C’est lui qui avait voulu que l’autre phrase du titre : "Pour que tous aient la vie" finisse en précisant "en Lui". Il avait aussi voulu qu’y soit ajoutée l’affirmation de Jésus lui-même: "Je suis le chemin, la vérité, la vie".

C’est lui qui avait choisi la date et le lieu. En octobre 2005, pendant le synode des évêques, rencontrant quelques cardinaux sud-américains, il leur avait demandé à brûle-pourpoint quel était le sanctuaire marial le plus fréquenté du Brésil. "Aparecida", avaient-ils répondu. Et le pape de reprendre: "C’est là que vous vous réunirez. En mai 2007. Et j’y serai".

Par la suite, cependant, il a entièrement délégué à d’autres la phase préparatoire: à la curie, au cardinal Giovanni Battista Re, préfet de la congrégation pour les évêques et président de la commission pontificale pour l’Amérique latine, et, outre-Atlantique, au cardinal Francisco Javier Errázuriz Ossa, archevêque de Santiago du Chili et actuel président du CELAM, le conseil épiscopal latino-américain.
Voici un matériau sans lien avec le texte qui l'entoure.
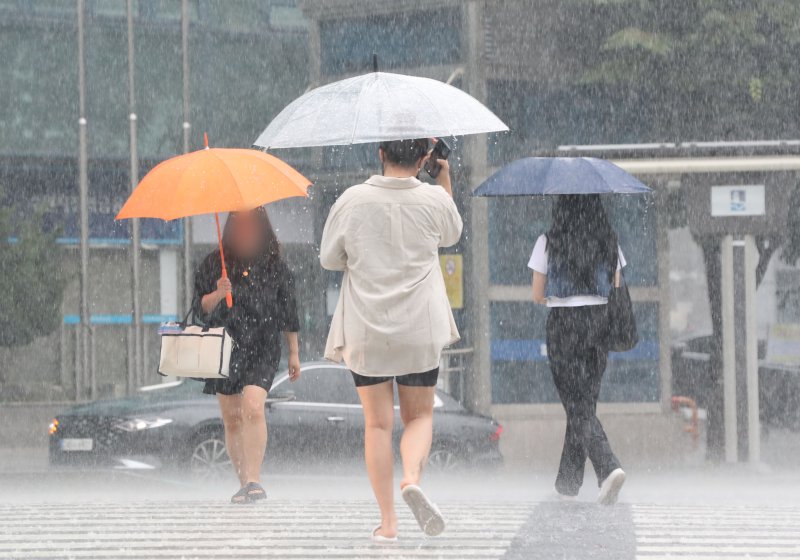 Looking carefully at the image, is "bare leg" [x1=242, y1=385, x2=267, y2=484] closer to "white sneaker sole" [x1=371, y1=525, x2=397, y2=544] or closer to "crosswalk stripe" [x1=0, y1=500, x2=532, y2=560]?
"crosswalk stripe" [x1=0, y1=500, x2=532, y2=560]

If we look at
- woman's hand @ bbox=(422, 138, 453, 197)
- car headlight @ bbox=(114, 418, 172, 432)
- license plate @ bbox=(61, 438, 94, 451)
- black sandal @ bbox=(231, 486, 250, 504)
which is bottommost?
license plate @ bbox=(61, 438, 94, 451)

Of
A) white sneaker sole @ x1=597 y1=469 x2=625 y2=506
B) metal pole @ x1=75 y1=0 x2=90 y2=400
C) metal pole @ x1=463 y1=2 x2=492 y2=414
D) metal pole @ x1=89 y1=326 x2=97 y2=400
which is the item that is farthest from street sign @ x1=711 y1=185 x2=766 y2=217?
metal pole @ x1=89 y1=326 x2=97 y2=400

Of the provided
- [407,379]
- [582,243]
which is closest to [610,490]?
[582,243]

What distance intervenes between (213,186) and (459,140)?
11098 mm

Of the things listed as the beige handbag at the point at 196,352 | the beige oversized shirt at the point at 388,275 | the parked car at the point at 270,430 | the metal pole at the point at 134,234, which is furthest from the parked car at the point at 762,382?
the beige oversized shirt at the point at 388,275

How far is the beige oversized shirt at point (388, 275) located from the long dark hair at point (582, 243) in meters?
1.88

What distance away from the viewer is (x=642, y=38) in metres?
16.2

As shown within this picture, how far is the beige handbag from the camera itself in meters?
7.16

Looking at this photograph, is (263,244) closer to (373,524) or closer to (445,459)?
(373,524)

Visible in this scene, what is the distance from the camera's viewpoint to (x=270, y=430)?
44.3ft

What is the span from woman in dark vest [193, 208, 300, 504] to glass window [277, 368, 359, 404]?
629cm

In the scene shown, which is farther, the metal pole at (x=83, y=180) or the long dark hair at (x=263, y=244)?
the metal pole at (x=83, y=180)

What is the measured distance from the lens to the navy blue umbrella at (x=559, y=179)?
8031 mm

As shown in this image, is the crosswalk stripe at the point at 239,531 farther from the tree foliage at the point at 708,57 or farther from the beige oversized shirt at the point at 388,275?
the tree foliage at the point at 708,57
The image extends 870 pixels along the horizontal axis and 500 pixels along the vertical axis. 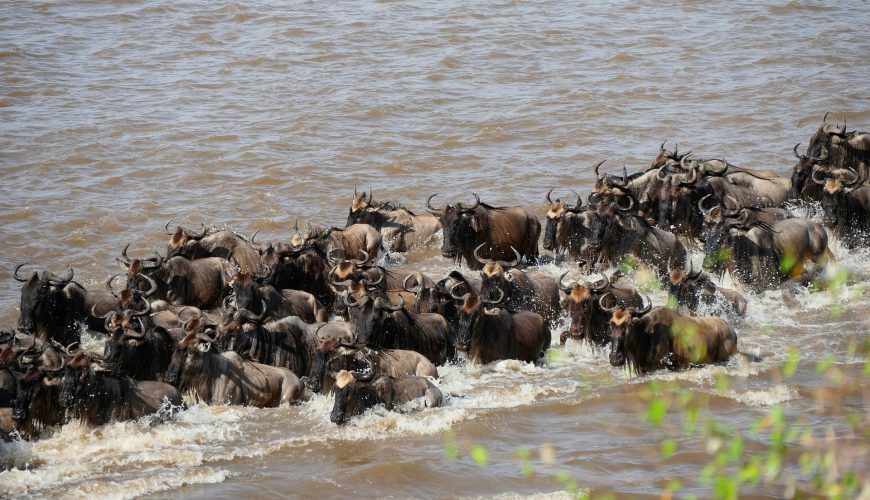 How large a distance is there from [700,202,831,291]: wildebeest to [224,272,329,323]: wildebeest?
4969 mm

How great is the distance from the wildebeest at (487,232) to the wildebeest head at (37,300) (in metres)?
4.97

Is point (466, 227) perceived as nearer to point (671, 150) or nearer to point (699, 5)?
point (671, 150)

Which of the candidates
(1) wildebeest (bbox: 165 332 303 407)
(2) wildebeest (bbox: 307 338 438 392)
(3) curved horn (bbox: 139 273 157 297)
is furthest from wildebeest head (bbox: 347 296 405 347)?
(3) curved horn (bbox: 139 273 157 297)

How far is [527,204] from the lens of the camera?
60.6 ft

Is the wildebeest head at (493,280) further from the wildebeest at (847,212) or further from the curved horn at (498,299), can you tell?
the wildebeest at (847,212)

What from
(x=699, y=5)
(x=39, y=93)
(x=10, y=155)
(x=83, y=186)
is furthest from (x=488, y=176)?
(x=699, y=5)

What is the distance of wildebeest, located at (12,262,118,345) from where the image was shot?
12938 millimetres

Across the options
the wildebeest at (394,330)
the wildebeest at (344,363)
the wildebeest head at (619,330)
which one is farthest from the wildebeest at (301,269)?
the wildebeest head at (619,330)

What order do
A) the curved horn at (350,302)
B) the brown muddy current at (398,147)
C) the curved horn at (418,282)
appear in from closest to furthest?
the brown muddy current at (398,147)
the curved horn at (350,302)
the curved horn at (418,282)

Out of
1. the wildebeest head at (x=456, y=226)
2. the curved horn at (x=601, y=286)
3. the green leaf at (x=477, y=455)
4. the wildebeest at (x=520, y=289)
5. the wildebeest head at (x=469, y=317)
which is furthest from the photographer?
the wildebeest head at (x=456, y=226)

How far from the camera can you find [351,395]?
1041 centimetres

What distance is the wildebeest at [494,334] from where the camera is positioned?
12148mm

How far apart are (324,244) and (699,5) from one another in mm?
20282

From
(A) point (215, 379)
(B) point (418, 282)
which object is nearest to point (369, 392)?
(A) point (215, 379) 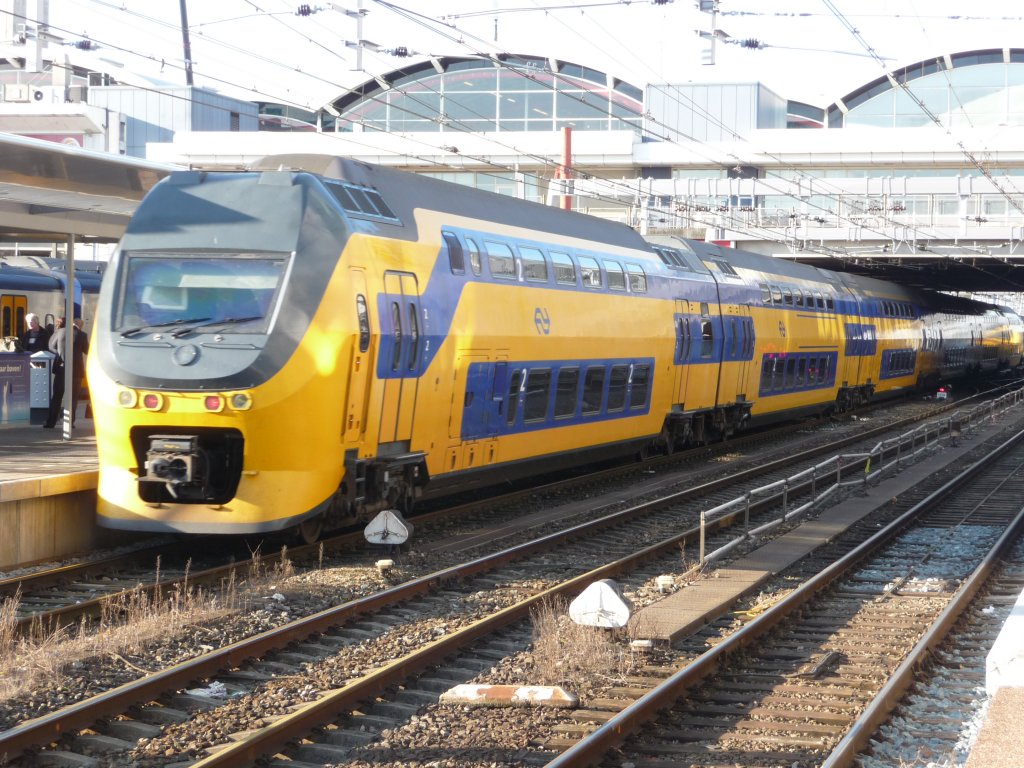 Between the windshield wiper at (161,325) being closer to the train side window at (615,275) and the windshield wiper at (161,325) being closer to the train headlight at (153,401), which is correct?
the train headlight at (153,401)

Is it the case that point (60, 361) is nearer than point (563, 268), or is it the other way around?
point (563, 268)

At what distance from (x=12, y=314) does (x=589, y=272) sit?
14683mm

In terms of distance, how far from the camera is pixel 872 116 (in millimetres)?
73750

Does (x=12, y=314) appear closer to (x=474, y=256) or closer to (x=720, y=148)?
(x=474, y=256)

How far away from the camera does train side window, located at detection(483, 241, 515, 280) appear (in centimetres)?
1566

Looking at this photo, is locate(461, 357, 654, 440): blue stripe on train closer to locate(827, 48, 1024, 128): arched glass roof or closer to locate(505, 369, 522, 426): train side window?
locate(505, 369, 522, 426): train side window

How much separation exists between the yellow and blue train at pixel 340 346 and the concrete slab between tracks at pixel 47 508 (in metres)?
0.78

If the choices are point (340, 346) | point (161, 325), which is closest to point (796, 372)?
point (340, 346)

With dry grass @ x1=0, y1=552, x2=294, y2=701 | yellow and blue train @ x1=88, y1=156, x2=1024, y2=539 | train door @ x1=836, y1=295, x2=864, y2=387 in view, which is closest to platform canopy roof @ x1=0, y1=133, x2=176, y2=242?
yellow and blue train @ x1=88, y1=156, x2=1024, y2=539

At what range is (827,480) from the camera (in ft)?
70.2

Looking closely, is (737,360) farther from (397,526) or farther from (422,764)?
(422,764)

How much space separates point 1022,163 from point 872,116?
2074cm

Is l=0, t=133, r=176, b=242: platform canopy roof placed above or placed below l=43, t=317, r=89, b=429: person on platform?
above

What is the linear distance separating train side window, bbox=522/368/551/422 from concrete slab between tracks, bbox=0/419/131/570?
17.3ft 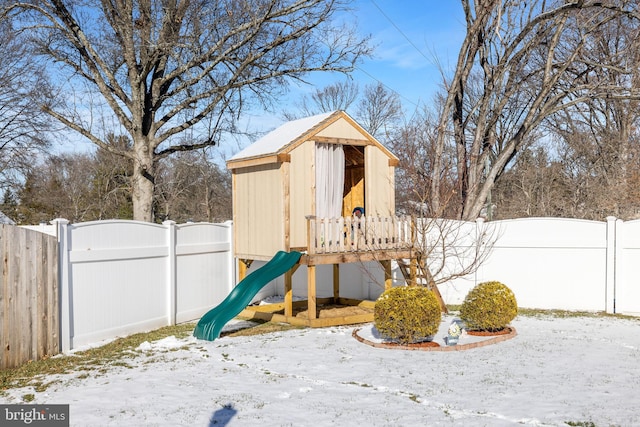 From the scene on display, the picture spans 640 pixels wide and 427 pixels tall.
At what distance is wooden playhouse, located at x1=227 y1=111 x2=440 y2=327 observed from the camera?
10.1m

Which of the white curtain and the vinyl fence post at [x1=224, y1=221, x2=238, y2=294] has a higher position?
the white curtain

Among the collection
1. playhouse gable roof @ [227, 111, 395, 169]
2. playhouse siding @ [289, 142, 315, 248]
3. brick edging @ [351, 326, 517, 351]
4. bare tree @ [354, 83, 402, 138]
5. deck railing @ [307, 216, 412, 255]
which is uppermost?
bare tree @ [354, 83, 402, 138]

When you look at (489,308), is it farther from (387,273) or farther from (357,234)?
(387,273)

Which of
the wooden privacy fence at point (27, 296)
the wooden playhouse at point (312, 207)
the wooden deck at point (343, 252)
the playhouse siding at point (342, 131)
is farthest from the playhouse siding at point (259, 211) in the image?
the wooden privacy fence at point (27, 296)

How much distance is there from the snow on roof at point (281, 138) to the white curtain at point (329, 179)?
1.68ft

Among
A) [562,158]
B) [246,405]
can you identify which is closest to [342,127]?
[246,405]

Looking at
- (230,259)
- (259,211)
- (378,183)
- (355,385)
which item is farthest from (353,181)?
(355,385)

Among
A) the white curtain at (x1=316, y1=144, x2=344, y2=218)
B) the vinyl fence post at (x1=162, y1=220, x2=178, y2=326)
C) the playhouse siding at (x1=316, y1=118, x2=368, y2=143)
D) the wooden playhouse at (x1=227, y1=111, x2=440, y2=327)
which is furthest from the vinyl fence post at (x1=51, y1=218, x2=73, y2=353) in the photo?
the playhouse siding at (x1=316, y1=118, x2=368, y2=143)

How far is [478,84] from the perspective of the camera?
26.3 m

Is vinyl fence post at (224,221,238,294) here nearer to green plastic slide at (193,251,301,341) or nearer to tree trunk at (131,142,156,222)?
green plastic slide at (193,251,301,341)

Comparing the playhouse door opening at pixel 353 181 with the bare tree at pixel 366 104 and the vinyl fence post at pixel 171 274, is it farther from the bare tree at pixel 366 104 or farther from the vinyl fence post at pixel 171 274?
the bare tree at pixel 366 104

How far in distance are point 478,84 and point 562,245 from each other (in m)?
16.6

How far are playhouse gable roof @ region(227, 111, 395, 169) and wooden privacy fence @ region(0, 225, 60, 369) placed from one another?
13.7 feet

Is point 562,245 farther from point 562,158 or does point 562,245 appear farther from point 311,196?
point 562,158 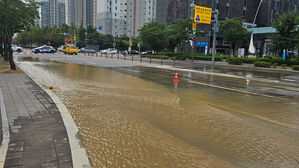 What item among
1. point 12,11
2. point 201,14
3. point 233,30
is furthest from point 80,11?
point 12,11

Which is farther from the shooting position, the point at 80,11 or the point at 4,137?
the point at 80,11

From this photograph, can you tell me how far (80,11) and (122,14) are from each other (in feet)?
185

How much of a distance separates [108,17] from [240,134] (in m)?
124

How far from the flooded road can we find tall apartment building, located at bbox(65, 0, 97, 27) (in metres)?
163

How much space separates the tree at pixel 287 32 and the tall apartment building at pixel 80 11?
143m

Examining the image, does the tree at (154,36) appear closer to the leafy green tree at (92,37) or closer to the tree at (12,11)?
the tree at (12,11)

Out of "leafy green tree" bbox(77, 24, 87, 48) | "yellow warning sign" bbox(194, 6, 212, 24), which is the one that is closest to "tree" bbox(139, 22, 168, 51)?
"yellow warning sign" bbox(194, 6, 212, 24)

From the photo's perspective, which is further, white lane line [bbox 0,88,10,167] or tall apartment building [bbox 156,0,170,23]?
tall apartment building [bbox 156,0,170,23]

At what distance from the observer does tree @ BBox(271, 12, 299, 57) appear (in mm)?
31844

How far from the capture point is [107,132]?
535 cm

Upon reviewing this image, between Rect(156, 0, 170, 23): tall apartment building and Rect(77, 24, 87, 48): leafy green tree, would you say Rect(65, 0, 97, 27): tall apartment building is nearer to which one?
Rect(156, 0, 170, 23): tall apartment building

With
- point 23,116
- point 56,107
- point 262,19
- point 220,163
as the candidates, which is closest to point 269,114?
point 220,163

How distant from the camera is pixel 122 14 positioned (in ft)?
418

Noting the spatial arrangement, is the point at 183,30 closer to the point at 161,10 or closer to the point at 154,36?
the point at 154,36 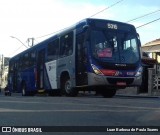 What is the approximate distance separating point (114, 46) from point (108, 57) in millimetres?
597

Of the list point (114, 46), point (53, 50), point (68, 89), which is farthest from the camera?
point (53, 50)

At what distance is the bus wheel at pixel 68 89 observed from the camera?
18.2 meters

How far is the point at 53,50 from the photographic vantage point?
20844 millimetres

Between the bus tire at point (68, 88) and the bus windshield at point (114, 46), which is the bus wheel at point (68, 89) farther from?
the bus windshield at point (114, 46)

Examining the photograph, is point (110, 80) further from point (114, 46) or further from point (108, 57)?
point (114, 46)

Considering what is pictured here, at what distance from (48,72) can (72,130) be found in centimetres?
1457

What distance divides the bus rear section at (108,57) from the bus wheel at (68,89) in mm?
776

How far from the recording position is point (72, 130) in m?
7.05

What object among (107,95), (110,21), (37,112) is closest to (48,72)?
(107,95)

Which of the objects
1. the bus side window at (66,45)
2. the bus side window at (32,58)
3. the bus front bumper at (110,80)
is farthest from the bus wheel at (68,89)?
the bus side window at (32,58)

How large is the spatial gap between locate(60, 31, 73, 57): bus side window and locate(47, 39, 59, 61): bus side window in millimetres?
765

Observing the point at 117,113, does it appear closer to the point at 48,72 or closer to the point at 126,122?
the point at 126,122

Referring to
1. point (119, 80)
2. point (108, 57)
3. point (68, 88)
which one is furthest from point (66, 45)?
point (119, 80)

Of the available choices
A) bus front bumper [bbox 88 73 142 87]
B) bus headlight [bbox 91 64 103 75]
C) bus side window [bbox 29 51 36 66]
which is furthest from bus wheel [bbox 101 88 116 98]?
bus side window [bbox 29 51 36 66] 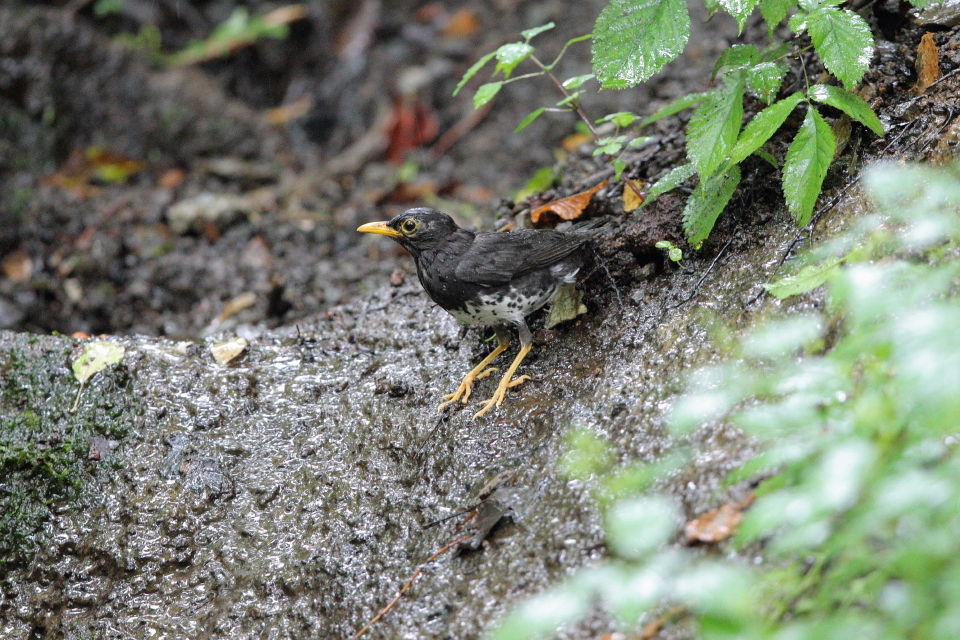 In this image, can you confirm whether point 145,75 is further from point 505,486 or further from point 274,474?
point 505,486

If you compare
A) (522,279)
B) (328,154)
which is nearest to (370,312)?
(522,279)

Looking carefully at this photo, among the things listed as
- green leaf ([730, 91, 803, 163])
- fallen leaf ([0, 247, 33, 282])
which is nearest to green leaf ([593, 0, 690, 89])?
green leaf ([730, 91, 803, 163])

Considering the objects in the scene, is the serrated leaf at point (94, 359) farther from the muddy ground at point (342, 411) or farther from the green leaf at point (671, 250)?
the green leaf at point (671, 250)

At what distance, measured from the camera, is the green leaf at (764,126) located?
326 cm

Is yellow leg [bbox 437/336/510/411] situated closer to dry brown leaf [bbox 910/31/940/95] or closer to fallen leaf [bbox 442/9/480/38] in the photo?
dry brown leaf [bbox 910/31/940/95]

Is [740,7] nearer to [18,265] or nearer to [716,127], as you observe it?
[716,127]

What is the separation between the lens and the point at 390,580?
3.34m

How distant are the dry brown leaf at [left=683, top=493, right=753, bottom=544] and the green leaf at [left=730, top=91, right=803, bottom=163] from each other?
152 cm

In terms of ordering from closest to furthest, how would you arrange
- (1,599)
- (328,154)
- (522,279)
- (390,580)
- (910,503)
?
1. (910,503)
2. (390,580)
3. (1,599)
4. (522,279)
5. (328,154)

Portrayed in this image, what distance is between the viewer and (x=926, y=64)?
12.3ft

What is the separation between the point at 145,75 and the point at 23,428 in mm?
5597

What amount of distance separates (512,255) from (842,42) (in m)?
1.85

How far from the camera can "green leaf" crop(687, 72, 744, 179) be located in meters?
3.31

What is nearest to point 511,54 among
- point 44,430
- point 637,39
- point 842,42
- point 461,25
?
point 637,39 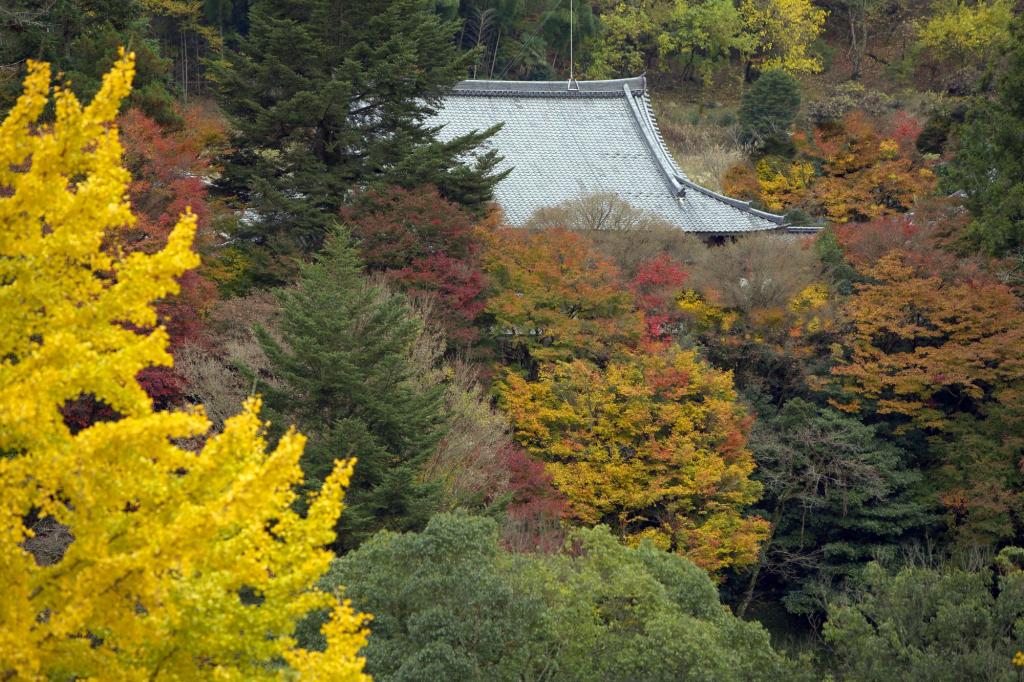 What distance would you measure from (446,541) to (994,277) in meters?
14.4

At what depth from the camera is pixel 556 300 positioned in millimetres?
19750

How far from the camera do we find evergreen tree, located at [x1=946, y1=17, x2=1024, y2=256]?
52.5 feet

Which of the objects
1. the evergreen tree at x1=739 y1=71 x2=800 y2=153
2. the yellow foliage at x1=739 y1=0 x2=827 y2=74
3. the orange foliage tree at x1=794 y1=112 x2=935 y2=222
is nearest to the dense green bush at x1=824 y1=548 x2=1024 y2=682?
the orange foliage tree at x1=794 y1=112 x2=935 y2=222

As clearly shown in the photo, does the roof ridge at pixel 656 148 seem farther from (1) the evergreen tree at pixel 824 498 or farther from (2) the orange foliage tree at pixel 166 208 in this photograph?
(2) the orange foliage tree at pixel 166 208

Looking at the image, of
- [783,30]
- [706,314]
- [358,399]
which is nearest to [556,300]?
[706,314]

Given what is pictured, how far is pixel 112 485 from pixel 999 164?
49.4 feet

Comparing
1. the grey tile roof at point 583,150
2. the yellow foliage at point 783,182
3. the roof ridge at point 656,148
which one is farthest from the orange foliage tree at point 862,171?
the roof ridge at point 656,148

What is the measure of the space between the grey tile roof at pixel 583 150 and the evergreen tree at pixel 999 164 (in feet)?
31.9

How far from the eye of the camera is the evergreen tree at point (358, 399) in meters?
13.3

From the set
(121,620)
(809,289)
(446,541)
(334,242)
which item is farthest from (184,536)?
(809,289)

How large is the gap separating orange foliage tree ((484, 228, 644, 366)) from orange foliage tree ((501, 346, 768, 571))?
92 cm

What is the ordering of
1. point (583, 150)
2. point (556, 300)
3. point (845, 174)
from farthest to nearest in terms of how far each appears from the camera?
point (845, 174) → point (583, 150) → point (556, 300)

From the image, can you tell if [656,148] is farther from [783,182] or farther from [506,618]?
[506,618]

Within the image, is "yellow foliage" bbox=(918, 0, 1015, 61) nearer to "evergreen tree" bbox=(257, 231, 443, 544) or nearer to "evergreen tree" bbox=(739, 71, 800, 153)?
"evergreen tree" bbox=(739, 71, 800, 153) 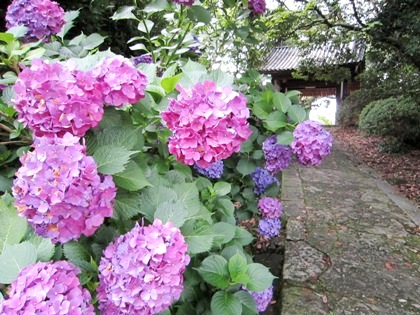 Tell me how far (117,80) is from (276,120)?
30.4 inches

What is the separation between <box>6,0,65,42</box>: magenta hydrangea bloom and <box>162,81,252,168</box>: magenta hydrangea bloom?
0.81 m

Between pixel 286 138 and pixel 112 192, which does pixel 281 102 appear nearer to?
pixel 286 138

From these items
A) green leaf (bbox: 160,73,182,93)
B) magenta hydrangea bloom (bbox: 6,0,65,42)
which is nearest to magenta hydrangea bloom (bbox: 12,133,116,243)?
green leaf (bbox: 160,73,182,93)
Le cardinal Re est, depuis des années, le principal responsable des nominations des nouveaux évêques en Amérique latine, que ce soit sous le pape actuel ou sous le précédent. C’est donc en bonne partie à lui qu’il faut attribuer le fait que, aujourd’hui, l’épiscopat latino-américain soit aussi pauvre en grandes figures, en guides sûrs et visionnaires. Les exceptions sont rares.

Le cardinal argentin Jorge Mario Bergoglio en est une. Il s’est tenu éloigné de la préparation romaine de la conférence d’Aparecida et il a opposé un refus catégorique à la demande que lui a faite Benoît XVI lui-même de venir à Rome prendre la tête d’un dicastère de la curie. Il préférait rester sur place, sur le terrain.

Une équipe

Ensuite, le pape a fait venir au Vatican, en octobre dernier, l’archevêque de São Paulo, le cardinal Cláudio Hummes, comme préfet de la congrégation pour le clergé. Mais sans effet visible dans un premier temps.

Cette nomination élimine le très traditionnaliste cardinal de Hoyos dont le souci principal était plus sur la défense de la vie et de la famille, que sur une parole missionnaire centrée sur la personne de Jésus-Christ. Benoît XVI a choisi quelqu’un qu’il connaît bien : le cardinal Hummes était depuis 2001 membre de la Congrégation pour la doctrine de la foi. Comme, d’ailleurs, tous les responsables de curie nommés à ce jour par le pape Ratzinger : l’Américain William Levada, l’Indien Ivan Dias et l’Italien Tarcisio Bertone. Une équipe se constitue peu à peu autour du Pape.

Le cardinal Hummes est franciscain. Il n'a rien perdu de son engagement en faveur des pauvres de la théologie de la libération, tout en reniant la violence révolutionnaire. Polyglotte, il est né dans une famille d'origine allemande de 14 enfants. Il est resté proche du président brésilien, qui n'a pas oublié qu'il a pu faire des discours dans les églises durant les années 70. Car dans ces années, il s'était plutôt illustré par ses prises de position favorables aux plus pauvres, dans un diocèse ouvrier de la banlieue de Sao Paulo. Il avait notamment laissé le syndicaliste Luiz Inàcio Lula da Silva, maintenant président du Brésil, faire des discours dans les églises de son diocèse.

En 2000, un prêtre de Sâo Paulo avait distribué des condoms aux prostituées dans son église. La réponse de son archevêque, le cardinal Claudio Hummes fut de lui ordonner de cesser cette distribution inacceptable. Depuis, Mgr Hummes a une étiquette de «converti au conservatisme».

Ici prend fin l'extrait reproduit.